[FFmpeg-devel] [PATCH 1/2] lavc/h264dsp: R-V V add_pixels4 and 8-bit add_pixels8
Rémi Denis-Courmont
remi at remlab.net
Sat Jul 13 16:01:52 EEST 2024
---
libavcodec/riscv/Makefile | 3 +-
libavcodec/riscv/h264addpx_rvv.S | 89 ++++++++++++++++++++++++++++++++
libavcodec/riscv/h264dsp_init.c | 11 ++++
3 files changed, 102 insertions(+), 1 deletion(-)
create mode 100644 libavcodec/riscv/h264addpx_rvv.S
diff --git a/libavcodec/riscv/Makefile b/libavcodec/riscv/Makefile
index 92e1544e76..0bbdd38116 100644
--- a/libavcodec/riscv/Makefile
+++ b/libavcodec/riscv/Makefile
@@ -31,7 +31,8 @@ RVV-OBJS-$(CONFIG_H263DSP) += riscv/h263dsp_rvv.o
OBJS-$(CONFIG_H264CHROMA) += riscv/h264_chroma_init_riscv.o
RVV-OBJS-$(CONFIG_H264CHROMA) += riscv/h264_mc_chroma.o
OBJS-$(CONFIG_H264DSP) += riscv/h264dsp_init.o
-RVV-OBJS-$(CONFIG_H264DSP) += riscv/h264dsp_rvv.o riscv/h264idct_rvv.o
+RVV-OBJS-$(CONFIG_H264DSP) += riscv/h264addpx_rvv.o riscv/h264dsp_rvv.o \
+ riscv/h264idct_rvv.o
OBJS-$(CONFIG_HUFFYUV_DECODER) += riscv/huffyuvdsp_init.o
RVV-OBJS-$(CONFIG_HUFFYUV_DECODER) += riscv/huffyuvdsp_rvv.o
OBJS-$(CONFIG_IDCTDSP) += riscv/idctdsp_init.o
diff --git a/libavcodec/riscv/h264addpx_rvv.S b/libavcodec/riscv/h264addpx_rvv.S
new file mode 100644
index 0000000000..fd36bd4896
--- /dev/null
+++ b/libavcodec/riscv/h264addpx_rvv.S
@@ -0,0 +1,89 @@
+/*
+ * Copyright © 2024 Rémi Denis-Courmont.
+ *
+ * Redistribution and use in source and binary forms, with or without
+ * modification, are permitted provided that the following conditions are met:
+ *
+ * 1. Redistributions of source code must retain the above copyright notice,
+ * this list of conditions and the following disclaimer.
+ *
+ * 2. Redistributions in binary form must reproduce the above copyright notice,
+ * this list of conditions and the following disclaimer in the documentation
+ * and/or other materials provided with the distribution.
+ *
+ * THIS SOFTWARE IS PROVIDED BY THE COPYRIGHT HOLDERS AND CONTRIBUTORS "AS IS"
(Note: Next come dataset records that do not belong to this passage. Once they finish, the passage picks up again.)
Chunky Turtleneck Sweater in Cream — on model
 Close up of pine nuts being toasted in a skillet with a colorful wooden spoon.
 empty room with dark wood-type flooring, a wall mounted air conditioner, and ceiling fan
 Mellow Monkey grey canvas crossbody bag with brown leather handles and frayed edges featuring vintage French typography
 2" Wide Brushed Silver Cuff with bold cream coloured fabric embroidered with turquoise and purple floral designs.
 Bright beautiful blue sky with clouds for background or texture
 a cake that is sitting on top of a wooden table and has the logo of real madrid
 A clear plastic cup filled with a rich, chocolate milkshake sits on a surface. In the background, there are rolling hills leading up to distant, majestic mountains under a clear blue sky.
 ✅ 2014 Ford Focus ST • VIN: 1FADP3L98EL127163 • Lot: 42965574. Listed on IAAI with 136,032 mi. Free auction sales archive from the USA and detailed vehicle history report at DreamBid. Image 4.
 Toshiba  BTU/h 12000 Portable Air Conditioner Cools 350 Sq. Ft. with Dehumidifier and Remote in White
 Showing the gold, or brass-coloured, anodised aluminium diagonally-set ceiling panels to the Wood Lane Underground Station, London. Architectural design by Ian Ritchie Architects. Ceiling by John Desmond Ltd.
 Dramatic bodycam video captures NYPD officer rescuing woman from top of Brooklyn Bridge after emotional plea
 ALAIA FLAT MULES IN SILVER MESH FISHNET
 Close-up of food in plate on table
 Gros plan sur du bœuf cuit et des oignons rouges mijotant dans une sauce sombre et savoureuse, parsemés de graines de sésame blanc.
+ * AND ANY EXPRESS OR IMPLIED WARRANTIES, INCLUDING, BUT NOT LIMITED TO, THE
+ * IMPLIED WARRANTIES OF MERCHANTABILITY AND FITNESS FOR A PARTICULAR PURPOSE
+ * ARE DISCLAIMED. IN NO EVENT SHALL THE COPYRIGHT OWNER OR CONTRIBUTORS BE
+ * LIABLE FOR ANY DIRECT, INDIRECT, INCIDENTAL, SPECIAL, EXEMPLARY, OR
+ * CONSEQUENTIAL DAMAGES (INCLUDING, BUT NOT LIMITED TO, PROCUREMENT OF
+ * SUBSTITUTE GOODS OR SERVICES; LOSS OF USE, DATA, OR PROFITS; OR BUSINESS
+ * INTERRUPTION) HOWEVER CAUSED AND ON ANY THEORY OF LIABILITY, WHETHER IN
+ * CONTRACT, STRICT LIABILITY, OR TORT (INCLUDING NEGLIGENCE OR OTHERWISE)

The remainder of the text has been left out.